What is Medicare 64 condition code?

Enter condition code 64 to indicate that the claim is not a "clean" claim, and therefore, not subject to the mandated claims processing timeliness standard. 5. Interest Payment on Clean Non-PIP Claims, Not Paid Timely.

What is condition code 80?

Condition code 80 refers to the Home Dialysis-Nursing facility.
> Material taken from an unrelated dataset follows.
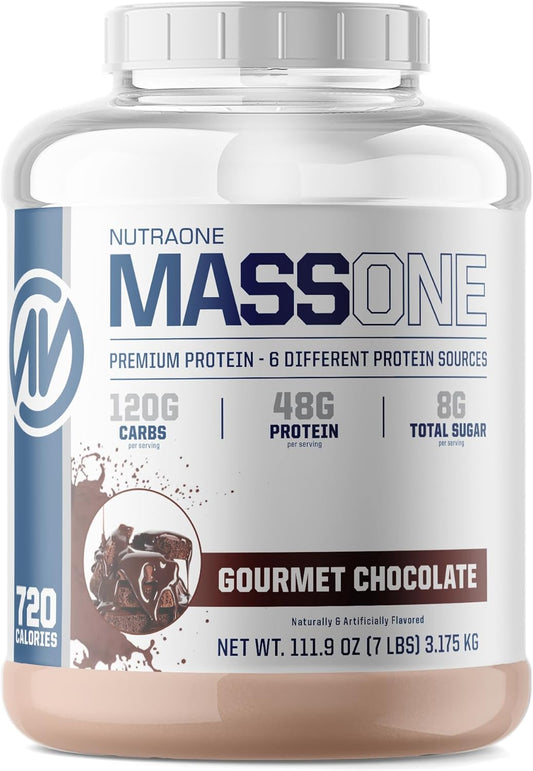 NutraOne Mass Gainer Protein Powder - Gourmet Chocolate Flavor, 7 lbs - Gain Weight & Meal Replacement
The subcodes starting from 81-99 get reserved by NUBC. In addition to numeric codes, the alphanumeric condition codes help with medical programs and procedures.

What is condition code 48?

Effective January 1, 2006 the definition of value code 48 is changed to indicate the patient's most recent hemoglobin reading taken before the start of the billing period. 49 - Hematocrit Reading - Code indicates the hematocrit reading taken before the last administration of EPO during this billing cycle.
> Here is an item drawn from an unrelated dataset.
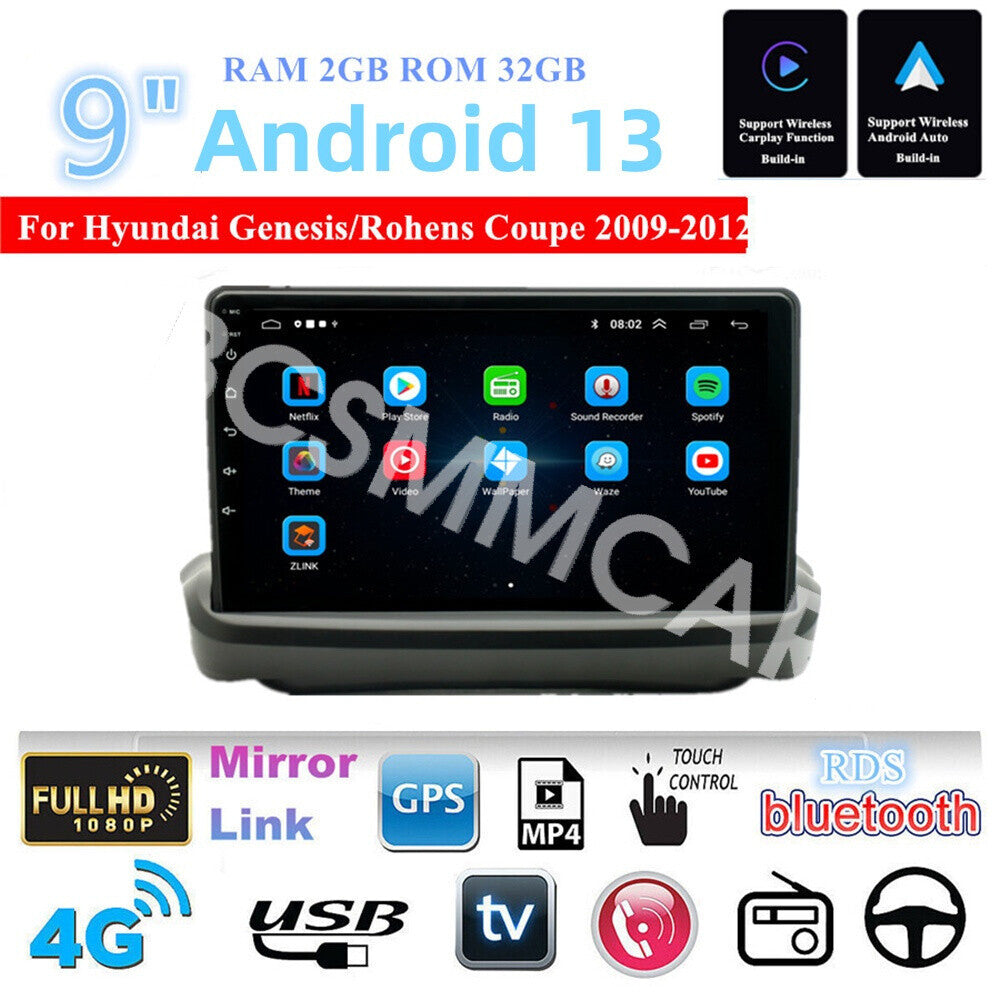 Fit For 2009-2012 for Hyundai for Genesis Coupe 9 Android 13 Car GPS Radio BT Stereo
What is the condition code 69?

The provider uses Condition code 69 to indicate that the claim is being submitted as a no-pay bill to the PS&R report type 118 for MA enrollees in non-IPPS hospitals and non-IPPS units to capture MA inpatient days for purposes of calculating the DGME and/or N&AH payment through the cost report.

What is the 57 condition code?

Condition code 57 ( SNF Readmission) the patient previously received Medicare covered SNF care within 30 days of the current SNF admission. The 78 occurrence span code may be needed if the patient was transferred from a different SNF to your facility.

What does condition code 77 mean?

Condition code (CC) 77, is entered when a provider accepts or is obligated/required due to a contractual arrangement or law to accept payment from the primary payer as payment in full. In this case, no Medicare payment will be made.

What is condition code 61?

Benefit period: Time period defining a Medicare Beneficiary's inpatient benefits. May include 60 full hospital days, 30 coinsurance days and 60 LTR days. Condition code (CC) 61: Cost outlier. Providers do not report this code. Indicates the bill is paid as an outlier.

What is a condition code 08 for Medicare?

Condition code 08 should be submitted on claims when the beneficiary would not furnish information concerning the other insurance coverage. The Common Working File (CWF) monitors these claims and alerts the MSP Contractor. The MSP Contractor will then contact the beneficiary if necessary.

What is condition code 55?

Code. Description. 55. Date of death (required with Patient Discharge Status Code 20 (expired))

What is a D code?

Subset of the HCPCS Level II medical codes identifying certain dental procedures. It replicates many of the CDT codes and will be replaced by the CDT. Descriptor: The text defining a code in a code set.

How to fix B4 error code?

"B4" is listed as a USB Hot Plug issue. If this is a new build start-up or you recently removed the MB connections, check your header connectons very closely or components that are plugged into the USB ports.

What is decline code 06?

The credit card decline code “06” generally means that the transaction was not approved as the issuer or card network flagged it. This could occur for several reasons, such as the card being restricted, blocked, or a hold being placed on it for potential security issues or suspected fraud.